Waiting…waiting…waiting!

To hear from my agent about the hajj novel.

I don’t know, that last revision really took it out of me.

I feel like I’ve been wrung out like a dish rag and someone’s using me to sop up a spill.

In the meantime I’ve been starting a new novel–began the first chapter today.

What a change! Light-hearted and funny–a mid-grade. Really needed that!

And I’m watching a LOT of stand up comedy to absorb the timing and style of it.

And know what? Most of it isn’t very funny.

Might make you crack up a bit, but it’s definitely not memorable!

It’s so pointless.

Something I noticed–the better the writing is going, the worse the blogging gets.
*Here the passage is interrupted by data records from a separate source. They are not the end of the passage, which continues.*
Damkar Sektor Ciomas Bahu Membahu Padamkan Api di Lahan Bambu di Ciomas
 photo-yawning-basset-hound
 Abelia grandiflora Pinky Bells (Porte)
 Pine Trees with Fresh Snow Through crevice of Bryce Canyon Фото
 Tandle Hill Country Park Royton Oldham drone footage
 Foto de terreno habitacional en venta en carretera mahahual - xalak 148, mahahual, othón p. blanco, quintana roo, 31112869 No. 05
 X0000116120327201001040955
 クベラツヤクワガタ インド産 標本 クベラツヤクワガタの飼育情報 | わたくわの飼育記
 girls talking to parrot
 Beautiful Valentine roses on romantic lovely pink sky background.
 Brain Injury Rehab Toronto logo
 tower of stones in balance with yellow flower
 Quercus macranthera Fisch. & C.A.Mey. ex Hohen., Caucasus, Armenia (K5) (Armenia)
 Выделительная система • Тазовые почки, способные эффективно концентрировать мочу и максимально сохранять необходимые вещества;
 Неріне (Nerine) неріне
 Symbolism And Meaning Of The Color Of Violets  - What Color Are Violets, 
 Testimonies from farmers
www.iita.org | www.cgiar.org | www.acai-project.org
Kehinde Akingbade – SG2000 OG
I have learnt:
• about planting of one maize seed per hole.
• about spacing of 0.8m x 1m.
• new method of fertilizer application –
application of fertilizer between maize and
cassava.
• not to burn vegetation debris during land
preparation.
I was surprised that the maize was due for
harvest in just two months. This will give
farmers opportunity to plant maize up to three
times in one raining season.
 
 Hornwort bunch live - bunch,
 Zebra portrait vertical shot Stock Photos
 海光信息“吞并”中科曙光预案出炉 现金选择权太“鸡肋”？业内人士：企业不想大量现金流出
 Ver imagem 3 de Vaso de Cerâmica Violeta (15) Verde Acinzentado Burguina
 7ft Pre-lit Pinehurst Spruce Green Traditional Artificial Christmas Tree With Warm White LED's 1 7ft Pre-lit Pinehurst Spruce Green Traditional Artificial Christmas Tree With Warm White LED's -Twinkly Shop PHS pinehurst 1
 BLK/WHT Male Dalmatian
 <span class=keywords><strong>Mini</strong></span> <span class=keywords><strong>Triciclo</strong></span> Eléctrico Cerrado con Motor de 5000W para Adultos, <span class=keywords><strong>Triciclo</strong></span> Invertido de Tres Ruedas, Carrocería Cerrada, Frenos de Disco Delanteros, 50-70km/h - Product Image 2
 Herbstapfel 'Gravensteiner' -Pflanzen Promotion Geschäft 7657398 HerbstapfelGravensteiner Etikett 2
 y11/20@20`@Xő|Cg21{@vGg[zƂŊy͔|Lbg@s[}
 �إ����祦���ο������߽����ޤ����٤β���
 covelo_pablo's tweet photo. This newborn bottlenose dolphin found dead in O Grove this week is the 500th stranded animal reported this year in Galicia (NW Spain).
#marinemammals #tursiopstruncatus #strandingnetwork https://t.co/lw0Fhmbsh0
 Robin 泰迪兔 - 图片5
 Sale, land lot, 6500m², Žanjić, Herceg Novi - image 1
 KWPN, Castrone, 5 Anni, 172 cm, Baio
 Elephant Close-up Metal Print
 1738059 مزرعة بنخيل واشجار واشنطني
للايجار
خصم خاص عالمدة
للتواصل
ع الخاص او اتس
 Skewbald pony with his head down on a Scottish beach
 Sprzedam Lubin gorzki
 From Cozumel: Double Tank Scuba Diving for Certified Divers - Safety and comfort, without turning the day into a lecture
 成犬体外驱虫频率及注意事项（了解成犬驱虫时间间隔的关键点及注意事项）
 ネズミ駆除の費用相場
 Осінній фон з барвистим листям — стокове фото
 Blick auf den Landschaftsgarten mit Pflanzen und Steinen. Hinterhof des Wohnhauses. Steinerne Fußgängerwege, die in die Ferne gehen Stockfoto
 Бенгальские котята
I’m reading over my sentences here and I sound like I slapped them together incoherently.

That’s what I feel like.

Incoherent.

Tired and incoherent.

I did get the reader’s report for the Hajj novel and it’s amazing!

And the fact that my agent sent it to me means that most likely that’s the way they’re going to feel about it, but I never celebrate until it’s official.

Won’t know that till this weekend some time what my agent actually thinks.

Can’t wait.

But in the mean time I MUST.

On another note, went to a farewell party for a dear friend of mine.

All the ladies there were so young.

I felt like a dinosaur.

And I realized right then that my seventeen year old self would have felt like my worst nightmare had come true.

When I was seventeen I vowed that I never wanted to grow ‘old’.

And I’m not talking about aging. I actually rejoiced when I got my first grey hairs.

That doesn’t bother me so much.

It was the thought of getting ‘old’ in my mind that scared me.

I just look at these young women with their neuroses and their silliness and I think to myself–I used to feel like that and I didn’t think it was silly back then.

Who’s right?

Me at seventeen or me now? And I can’t help thinking that it’s me now.

And yet in some ways I have less ‘power’ now.

At this same farewell party, this lady came in, all dolled up, quite full of herself. She greeted the three ladies next to me and somehow skipped over me.

I didn’t even notice–too busy with my thoughts–till another lady pointed it out, and nudged her to greet me too, like she’d given me some kind of sleight.

And then when she absent-mindedly did greet me, I realized that she HAD given me a sleight. I just hadn’t noticed.

She had dismissed me as a frumpy old middle-aged lady not worth her stylish notice.

And I filed that little scene away in my imagination, like I always do when some curious little scenario plays out.

Who knows if I’ll ever use it in a book.

I end up using the oddest little things.

I remember visiting an old friend of mine five days before she died of leukemia. Seeing the way her brother was holding her hand.

It hardly seemed to impact me at the time, and yet when I was doing my latest revision of the Hajj novel, that one moment of barely noticing something, bloomed to life and became a poignant moment that really makes the scene.

When I was younger I would have felt so insulted by the way this lady treated me. I would have gotten all riled up and thought to myself, ‘who the hell does she think she is?’.

Funny how age can change your perspective of these things.

Now I just look at her and feel sorry for her.

And think that she’s really rather silly.

And the conceited part of me thinks that she really didn’t know what she was missing when she passed me over. *g*

Oh subhanallah! I shouldn’t be so conceited!

But unfortunately I am.

Maybe in another ten years I’ll grow out of it.